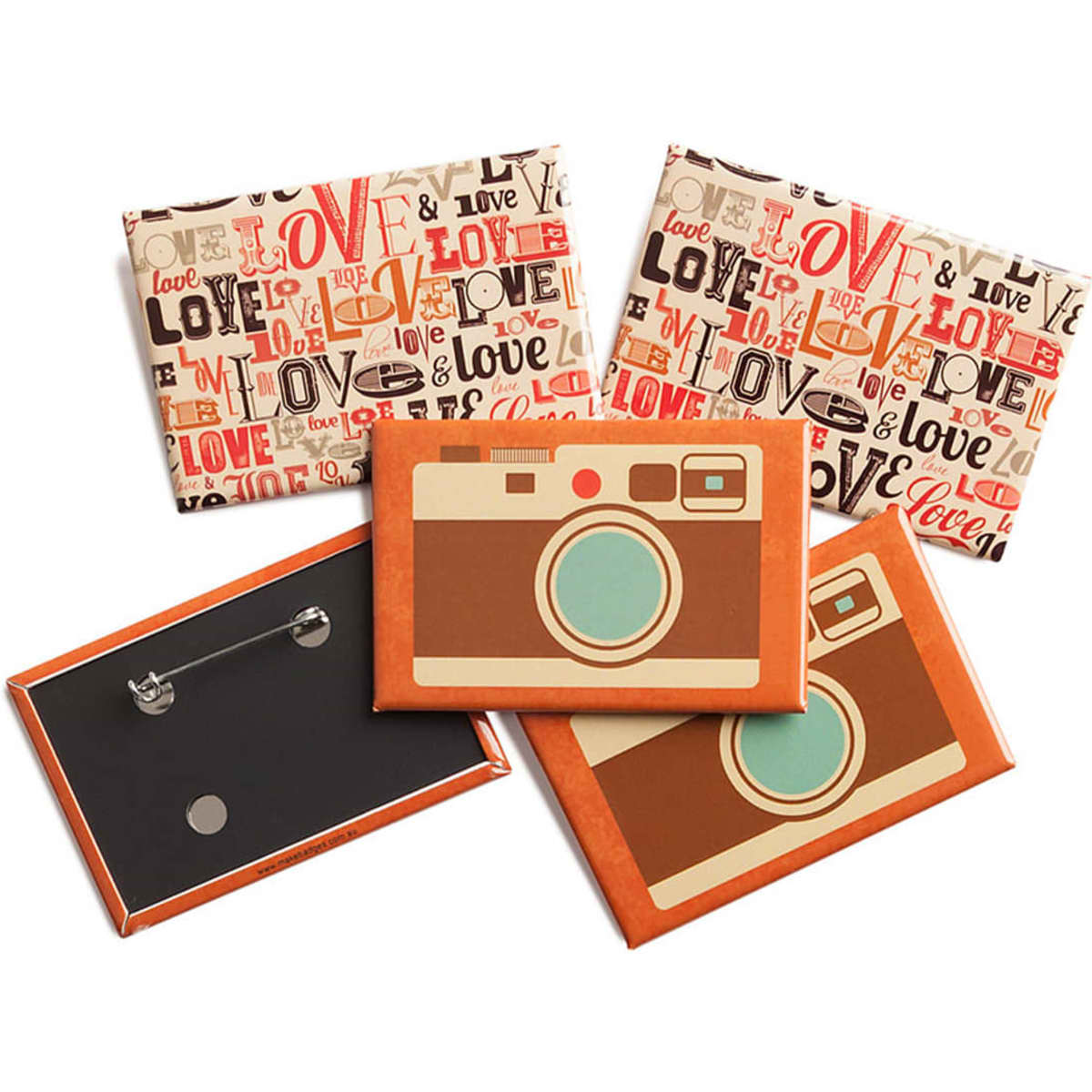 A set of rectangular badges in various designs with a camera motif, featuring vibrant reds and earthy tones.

--

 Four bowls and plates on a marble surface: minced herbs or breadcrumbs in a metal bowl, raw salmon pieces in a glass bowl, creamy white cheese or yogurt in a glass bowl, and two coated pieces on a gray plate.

==

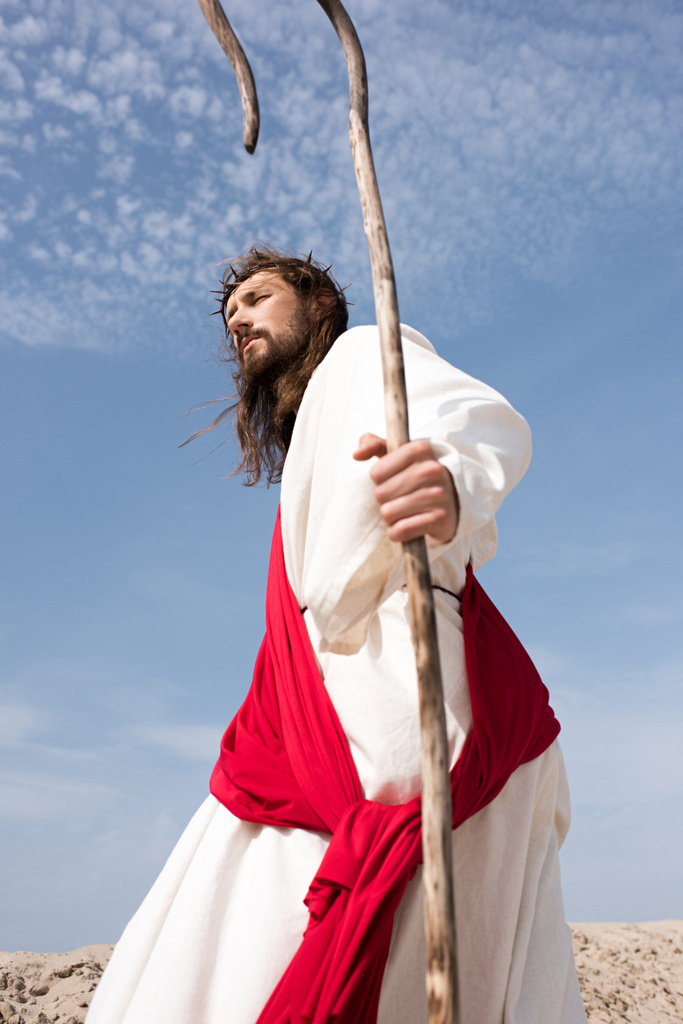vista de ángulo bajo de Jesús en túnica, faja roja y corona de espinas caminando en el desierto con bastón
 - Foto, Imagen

▶ TASK TO COMPLETE
Start at the line containing "vista de ángulo" above and stop at the line containing "- Foto, Imagen". Output those lines exactly, both included, but none of the pictures.

▶ RESULT BELOW
vista de ángulo bajo de Jesús en túnica, faja roja y corona de espinas caminando en el desierto con bastón
 - Foto, Imagen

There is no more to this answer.